Automation & Control

View Comments PDF

Facts at your Fingertips: Alarm Management

| By Chemical Engineering

Modern control systems for chemical processes can generate frequent alarms. This one-page reference provides information on common alarm-management metrics, which can foster focused remedial actions and ultimately lead to a safer, better-performing plant.

Alarm frequency

As alarm frequency increases, an operator’s ability to respond correctly and in time to avoid the ultimate consequence of inaction decreases. If the rate is excessively high, some alarms will likely be missed altogether or be ignored by the operators. Alarm rates that exceed thousands per day are common in the chemical process industries (CPI), a level that is far greater than humans can handle successfully.

Response to alarm rates of 10 alarms per 10 minutes can possibly be achieved for short periods of time — but only if the alarms are simple ones. And this does not mean such a rate can be sustained for many 10-minute periods in a row. An alarm flood can be defined as a 10-minute period with more than 10 new alarms, continuing through subsequent 10-minute intervals until reaching a 10-minute interval with fewer than five new alarms.
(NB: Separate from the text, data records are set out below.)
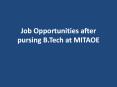 Job Opportunities after pursing B.Tech at MITAOE PowerPoint PPT Presentation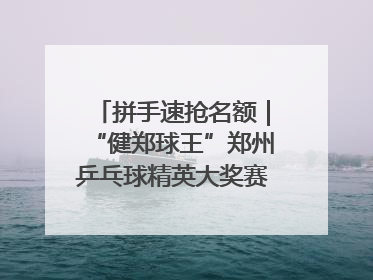 拼手速抢名额｜“健郑球王”郑州乒乓球精英大奖赛报名火热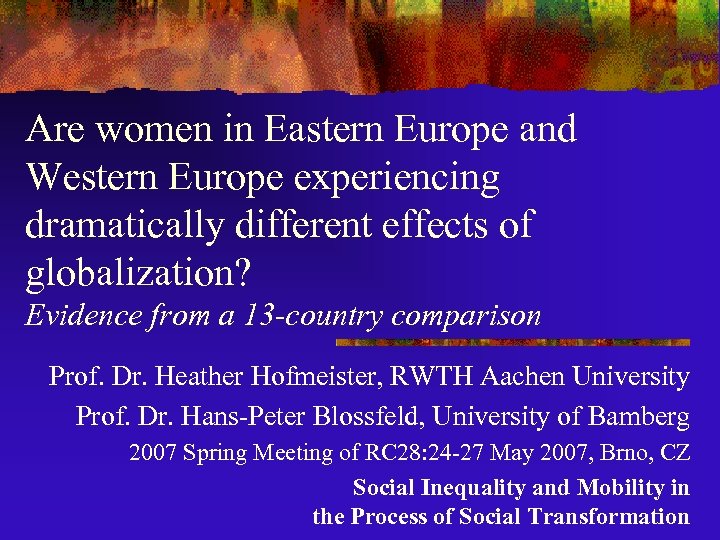 Are women in Eastern Europe and Western Europe experiencing dramatically different effects of globalization?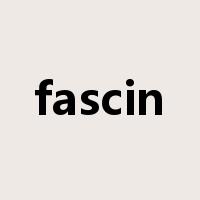 fascin是什么意思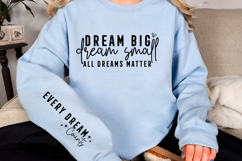 Dream big dream small all dreams matter Sleeve SVG Design Product Image 3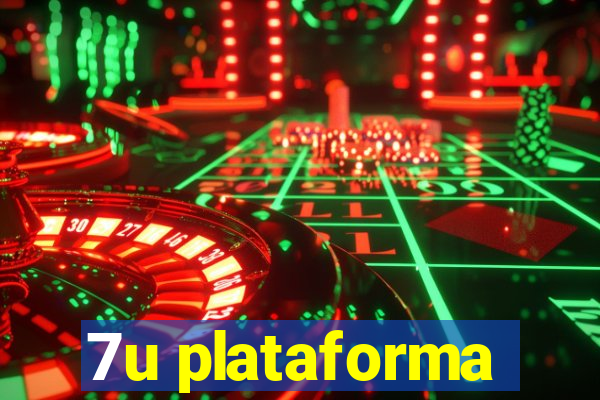 7u plataforma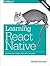 Learning React Native: Building Native Mobile Apps with JavaScript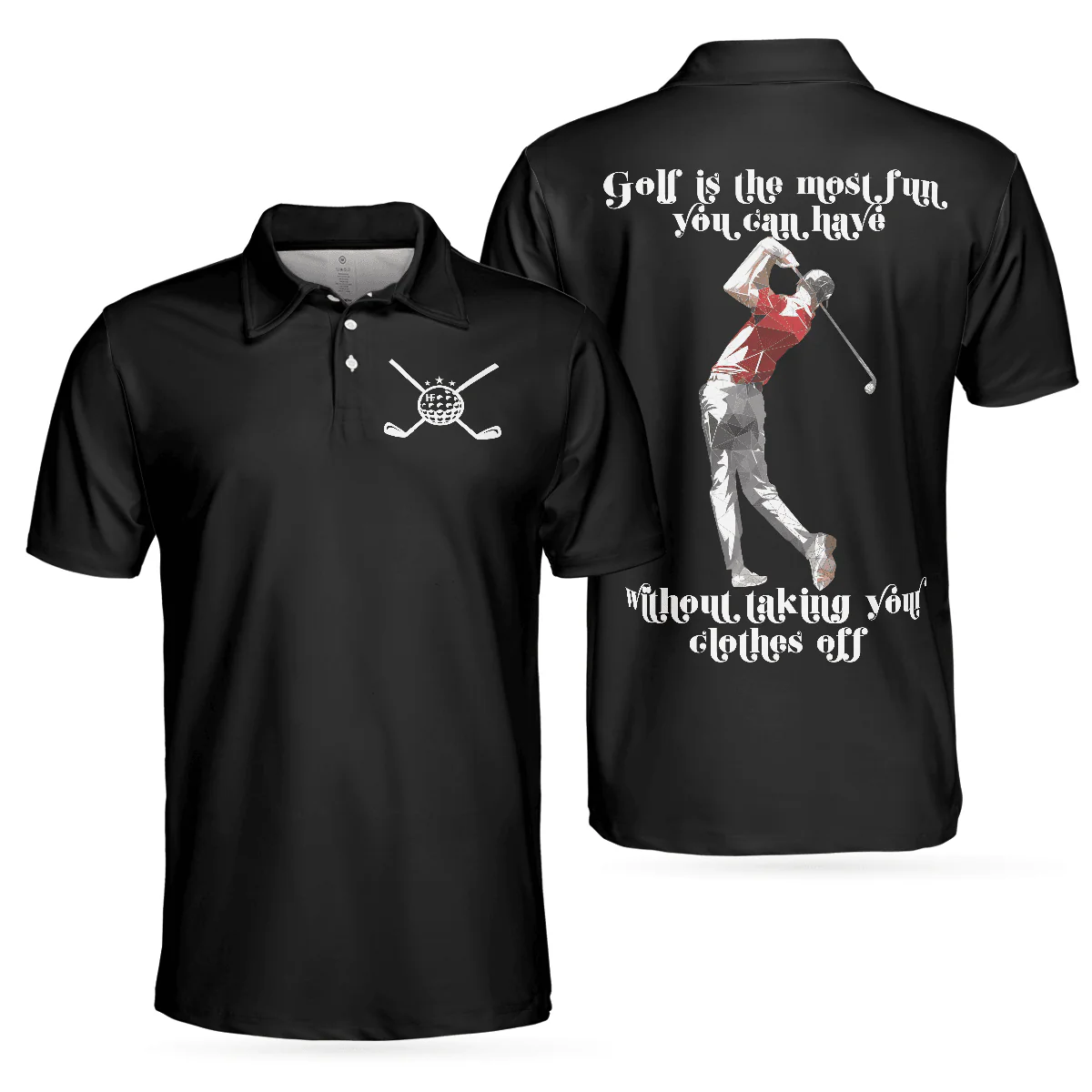 Men Golf Polo Shirt - Golf Is The Most Fun Shirt For Men Golf Men Polo Shirt - Perfect Polo Shirt For Men, Golfers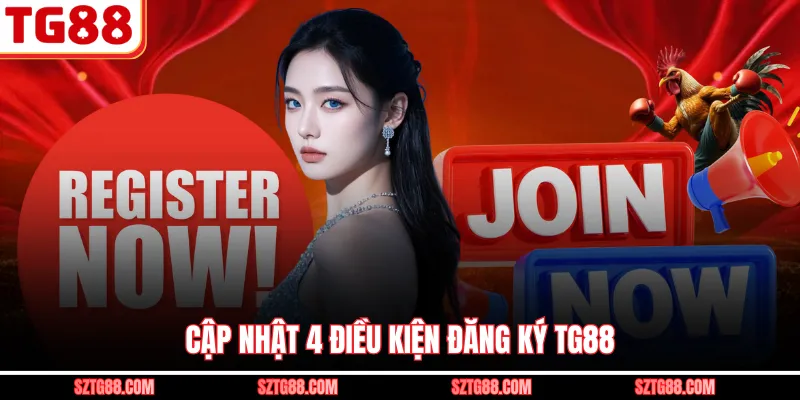 Cập nhật 4 điều kiện đăng ký TG88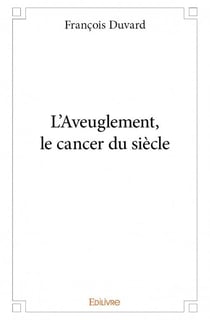 L'aveuglement, le cancer du siècle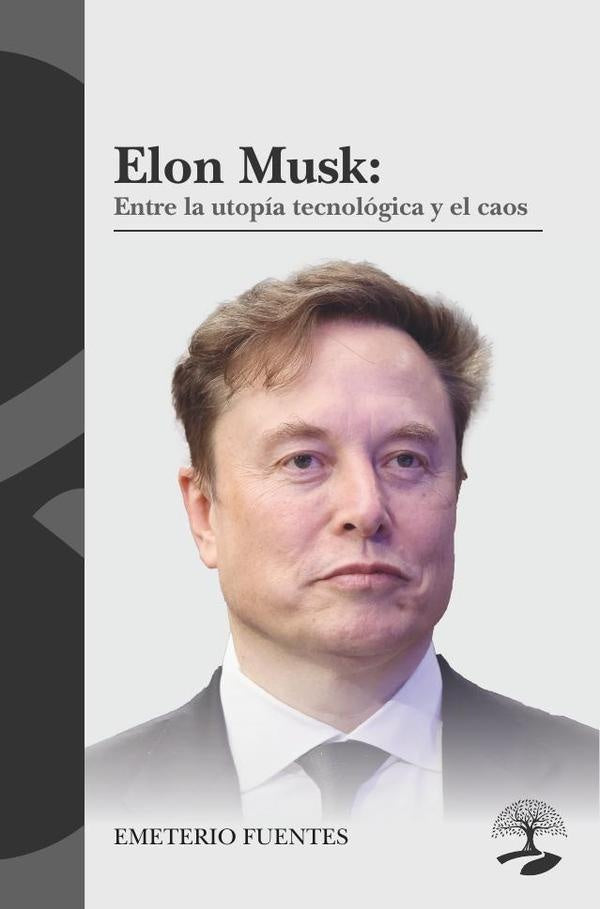 Elon Musk: Entre la utop?a tecnol?gica y el caos | Emeterio Fuentes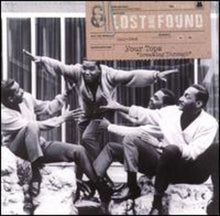the album cover for The Four Tops - Lost and Found: Breaking Through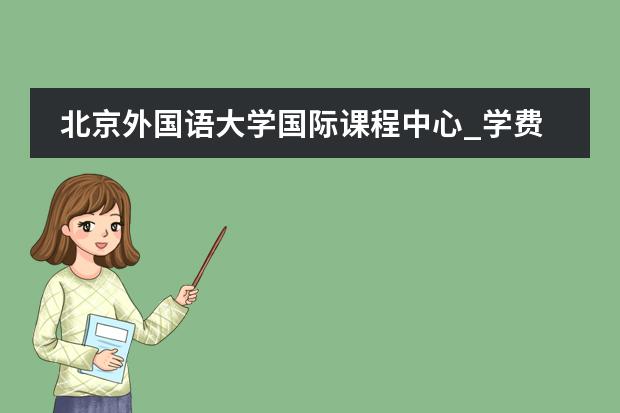 北京外国语大学国际课程中心_学费_排名_地址_怎么样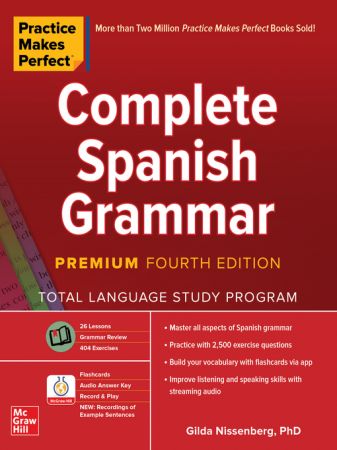 Complete Spanish Grammar (Practice Makes Perfect), 4th Edition (True EPUB)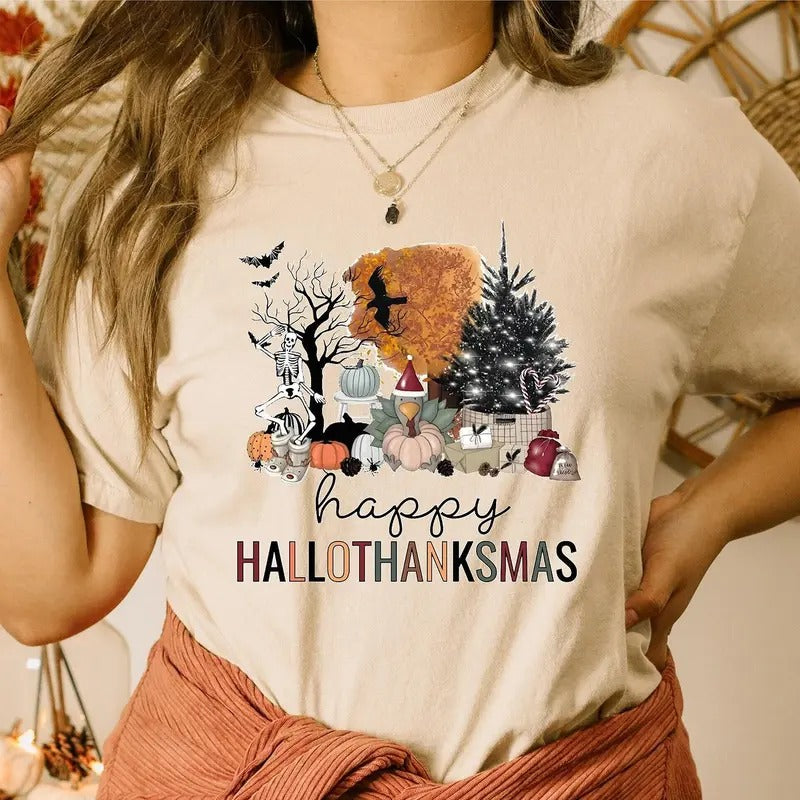 Happy Hallothanksmas Shirt, Happy Halloween Thanksgiving Christmas Shirt, Holiday Season Shirt, Funny Halloween Gift, Fall Shirt, Autumn Teestyle{n002}3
The peak number of alarms within a 10-minute period is a straightforward measure of the degree of difficulty of the worst-case alarm flood for the operator. In poorly performing alarm systems, it is common to see peak alarm counts in a 10-minute period that exceed 250. During flood periods, operators are likely to miss important alarms.

Average alarm rate

Average alarm rate is a straightforward measure of the frequency with which new alarms are presented to the operator, expressed as an average count per day, per hour or per 10-minute interval. Averages can be misleading, however, because they provide no sense of the peaks in the alarm rate, making it difficult to distinguish alarm floods from steady-state “normal” operation. Consequently, it becomes valuable to supplement this basic value with a timeline view or separate calculation of alarm rates for both the times when operation is normal and for times of an alarm flood.
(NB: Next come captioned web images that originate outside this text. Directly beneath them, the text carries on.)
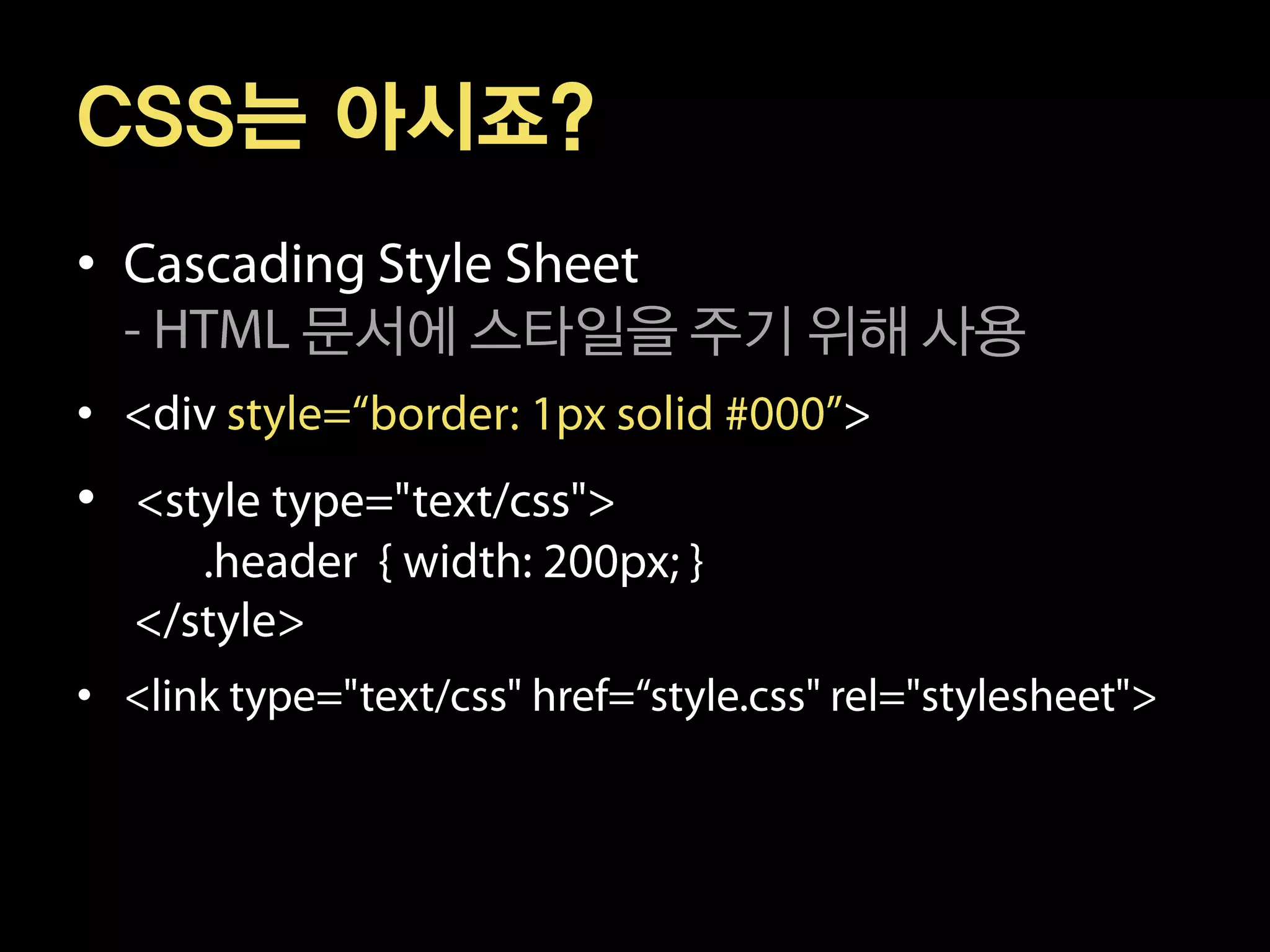 CSS는 아시죠?
•
    문서에 스타일을 주기 위해 사용
•
•


•
 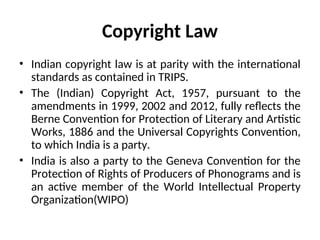 Copyright Law
• Indian copyright law is at parity with the international
standards as contained in TRIPS.
• The (Indian) Copyright Act, 1957, pursuant to the
amendments in 1999, 2002 and 2012, fully reflects the
Berne Convention for Protection of Literary and Artistic
Works, 1886 and the Universal Copyrights Convention,
to which India is a party.
• India is also a party to the Geneva Convention for the
Protection of Rights of Producers of Phonograms and is
an active member of the World Intellectual Property
Organization(WIPO)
An example of the timeline view is shown in Figure 1. If the overall average alarm rate (16.5 alarms/h in the example) is lower than the action limit of 18/h, it may not appear to be a point of immediate concern. However, the timeline view shows that there are significant periods of time where the performance is unacceptable.
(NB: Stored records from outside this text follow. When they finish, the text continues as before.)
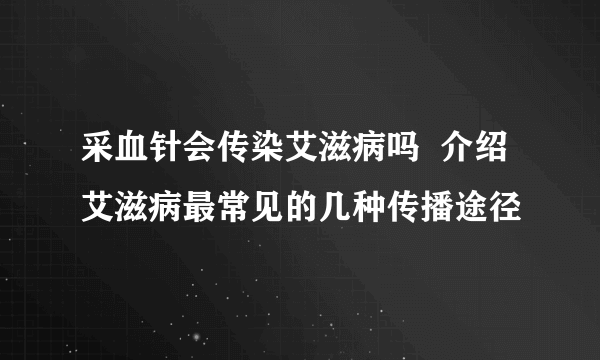 采血针会传染艾滋病吗  介绍艾滋病最常见的几种传播途径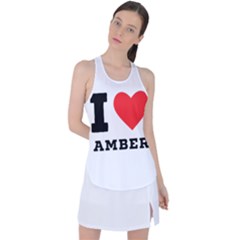 I Love Amber Racer Back Mesh Tank Top by ilovewhateva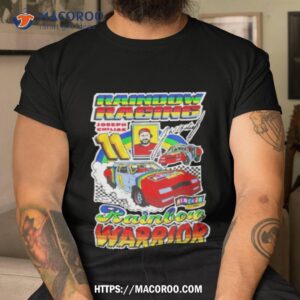 Rainbow Racing Rainbow Warrior Joseph Chiliak Shirt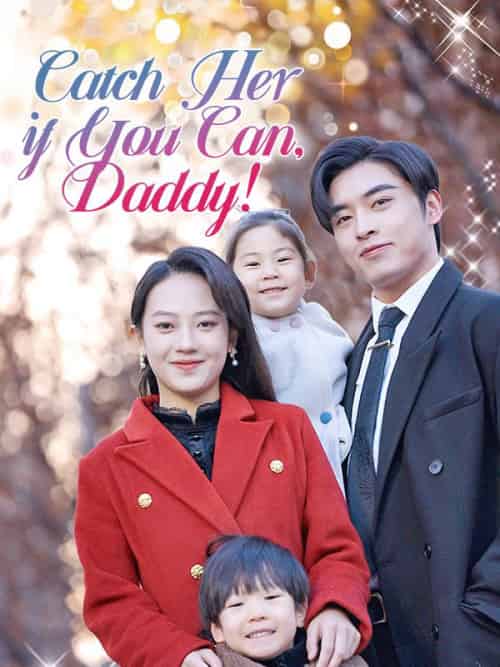 Catch Her if You Can, Daddy!（82集全）Seth＆Reed＆＆Cheryl＆Locke - 海之城海外短剧
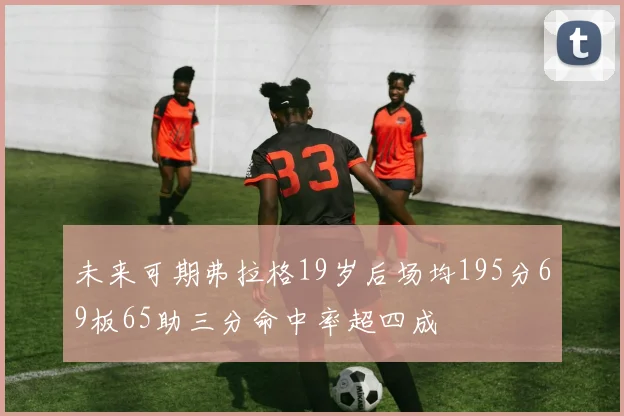 未来可期弗拉格19岁后场均195分69板65助三分命中率超四成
Figure 1.  Timeline views of the data can reveal periods where alarm performance is not acceptable

Figure 1. Timeline views of the data can reveal periods where alarm performance is not acceptable

Two metrics — the percentage of 10-minute periods with more than 10 alarms, and the percentage of time spent in an “alarm flood” state — are often used to help quantify how much of an operator’s time is spent within the situation where more alarms occur than can be managed effectively. Pie charts like the one in Figure 2 illustrate how much time is spent within certain alarm-rate ranges.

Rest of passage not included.